Stewart’s successor had youthful vigour on his side when he won three of the first four GPs of 1973. But the speed of new Lotus team-mate Ronnie Peterson – to which Chapman was like most of us in thrall – gradually wore Emerson Fittipaldi down.
The usually smooth Brazilian collided with Jody Scheckter in their battle for the lead at Paul Ricard – when really there was no need – then injured his ankle in a practice crash at Zandvoort.
Realigning with the less mercurial McLaren, he became world champion for a second time the following year.
Workaholic Mario Andretti was like most of us in thrall to Chapman’s genius but had to admit that they had been swept away in 1979 by wind tunnel figures that did compute on the track.
Swept aside by less ambitious/more pragmatic teams, he would not win again after a 1978 title year that ended with him being outshone by Lotus stand-in Jean-Pierre Jarier.
Nor would his successor Jody Scheckter win after Ferrari – its Michelins no longer able to compensate for a fundamental aerodynamic flaw – suffered a spectacular collapse in 1980.
The wildman-turned-businesslike South African reckoned he was driving as well as ever. Maybe so, but his efforts appeared tame compared to those of his team-mate.
One man’s knocks are another’s opportunity.
Having played the perfect wingman in 1979, Gilles Villeneuve grabbed an admittedly damaged Scuderia from a friendly rival reconsidering his future.
Having been rolled over by Michael Schumacher and Benetton in 1995, Damon Hill arrived in Adelaide for the last GP of the year refreshed in mind and body after a holiday in Bali and with a new outlook – having narrowly avoided drowning in shark-infested waters off Perth! He drove his Williams like the world champion he would become in 1996.
And having tossed – when perhaps he should have tipped – a cap at Hamilton at Austin in 2015, Nico Rosberg realised that maybe he was angrier with himself than he was with a team-mate who had twice monstered him from the lead and title race.
With nothing to lose and everything to gain, he reset his mindset and laid the foundations for a successful 2016 campaign with wins in Mexico, Brazil and Abu Dhabi – in 2015.
Hamilton’s startling recovery last Sunday suggests that his Q1 glitch at Interlagos is unlikely to descend into a dip. He’s even alluded to Michael Schumacher’s record – now ‘just’ 29 wins distant.
But can he sustain the necessary level?
Keep a great team with and around you; stay fit, focused and ahead of the technological, tactical and strategic aspects of the game.
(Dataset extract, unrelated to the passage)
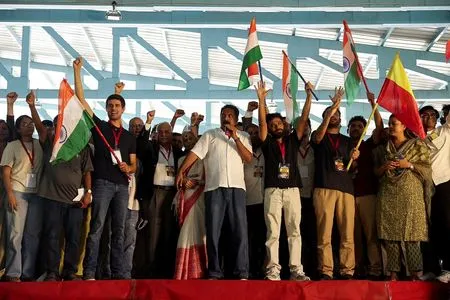 Indian opposition protest police action against lawmakers, push for poll chief's resignation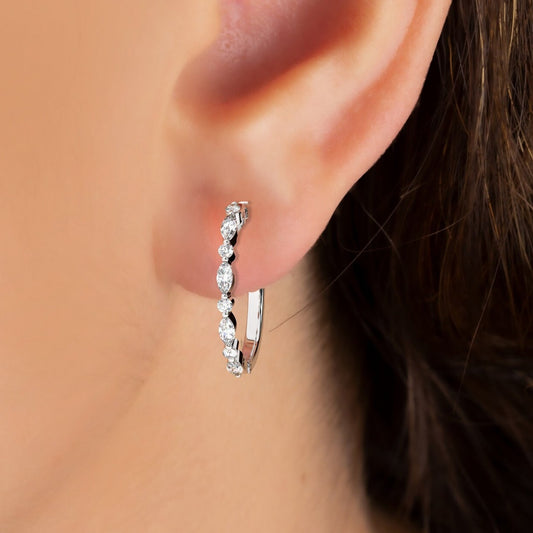 14k Gold Round and Marquise Alternating Diamond Hoop Earrings / Diamond Huggie Earrings/ Bridal Wedding Gift for her/ Fancy Hoop Earrings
It’s an operation requiring rare delicate robustness.
But, having learned the hard way from 2016, he is operating now at a height few have attained.
Whereas Valtteri Bottas – even had he won at Interlagos – is not yet at Nico Rosberg’s 2016 level.
Nor has been Vettel recently – until he won at Interlagos.
Vettel knows also the deepest depths of a dip and how the grind of four world titles can do that to a person.
Victory in Abu Dhabi, therefore, would be a powerful end to the beginning of his bid to win a fifth in 2018.
Ditto Hamilton.
‘Counting’ more for next year than this, it’s ‘double-points’ without the artificiality.